--- START ---

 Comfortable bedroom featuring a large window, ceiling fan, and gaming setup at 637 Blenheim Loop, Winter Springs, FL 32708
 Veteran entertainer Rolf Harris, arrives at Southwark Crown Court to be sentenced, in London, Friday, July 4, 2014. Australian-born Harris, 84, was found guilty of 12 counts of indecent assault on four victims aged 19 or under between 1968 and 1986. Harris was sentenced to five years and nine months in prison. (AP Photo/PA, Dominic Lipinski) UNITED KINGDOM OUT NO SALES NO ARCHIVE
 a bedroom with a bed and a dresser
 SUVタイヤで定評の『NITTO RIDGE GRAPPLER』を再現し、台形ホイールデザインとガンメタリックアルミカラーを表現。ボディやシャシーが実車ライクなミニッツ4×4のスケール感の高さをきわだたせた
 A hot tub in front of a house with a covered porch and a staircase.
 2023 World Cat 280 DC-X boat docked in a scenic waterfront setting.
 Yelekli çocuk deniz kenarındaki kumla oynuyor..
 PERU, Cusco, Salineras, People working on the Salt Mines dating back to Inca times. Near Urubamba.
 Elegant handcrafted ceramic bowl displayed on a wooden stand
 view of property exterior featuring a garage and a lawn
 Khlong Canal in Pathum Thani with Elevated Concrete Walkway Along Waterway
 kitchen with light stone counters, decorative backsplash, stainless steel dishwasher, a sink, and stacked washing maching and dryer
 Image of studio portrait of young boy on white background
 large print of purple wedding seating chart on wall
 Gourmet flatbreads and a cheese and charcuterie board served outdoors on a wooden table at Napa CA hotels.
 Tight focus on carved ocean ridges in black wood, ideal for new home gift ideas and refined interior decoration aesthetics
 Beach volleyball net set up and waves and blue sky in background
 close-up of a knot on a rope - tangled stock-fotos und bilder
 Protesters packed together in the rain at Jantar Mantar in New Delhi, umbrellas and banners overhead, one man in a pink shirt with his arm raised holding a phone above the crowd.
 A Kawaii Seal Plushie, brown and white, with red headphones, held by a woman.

--- END ---

**YOUR ASSIGNMENT**
Could you copy the listing above word for word?

**ANSWER SPACE**
 Comfortable bedroom featuring a large window, ceiling fan, and gaming setup at 637 Blenheim Loop, Winter Springs, FL 32708
 Veteran entertainer Rolf Harris, arrives at Southwark Crown Court to be sentenced, in London, Friday, July 4, 2014. Australian-born Harris, 84, was found guilty of 12 counts of indecent assault on four victims aged 19 or under between 1968 and 1986. Harris was sentenced to five years and nine months in prison. (AP Photo/PA, Dominic Lipinski) UNITED KINGDOM OUT NO SALES NO ARCHIVE
 a bedroom with a bed and a dresser
 SUVタイヤで定評の『NITTO RIDGE GRAPPLER』を再現し、台形ホイールデザインとガンメタリックアルミカラーを表現。ボディやシャシーが実車ライクなミニッツ4×4のスケール感の高さをきわだたせた
 A hot tub in front of a house with a covered porch and a staircase.
 2023 World Cat 280 DC-X boat docked in a scenic waterfront setting.
 Yelekli çocuk deniz kenarındaki kumla oynuyor..
 PERU, Cusco, Salineras, People working on the Salt Mines dating back to Inca times. Near Urubamba.
 Elegant handcrafted ceramic bowl displayed on a wooden stand
 view of property exterior featuring a garage and a lawn
 Khlong Canal in Pathum Thani with Elevated Concrete Walkway Along Waterway
 kitchen with light stone counters, decorative backsplash, stainless steel dishwasher, a sink, and stacked washing maching and dryer
 Image of studio portrait of young boy on white background
 large print of purple wedding seating chart on wall
 Gourmet flatbreads and a cheese and charcuterie board served outdoors on a wooden table at Napa CA hotels.
 Tight focus on carved ocean ridges in black wood, ideal for new home gift ideas and refined interior decoration aesthetics
 Beach volleyball net set up and waves and blue sky in background
 close-up of a knot on a rope - tangled stock-fotos und bilder
 Protesters packed together in the rain at Jantar Mantar in New Delhi, umbrellas and banners overhead, one man in a pink shirt with his arm raised holding a phone above the crowd.
 A Kawaii Seal Plushie, brown and white, with red headphones, held by a woman.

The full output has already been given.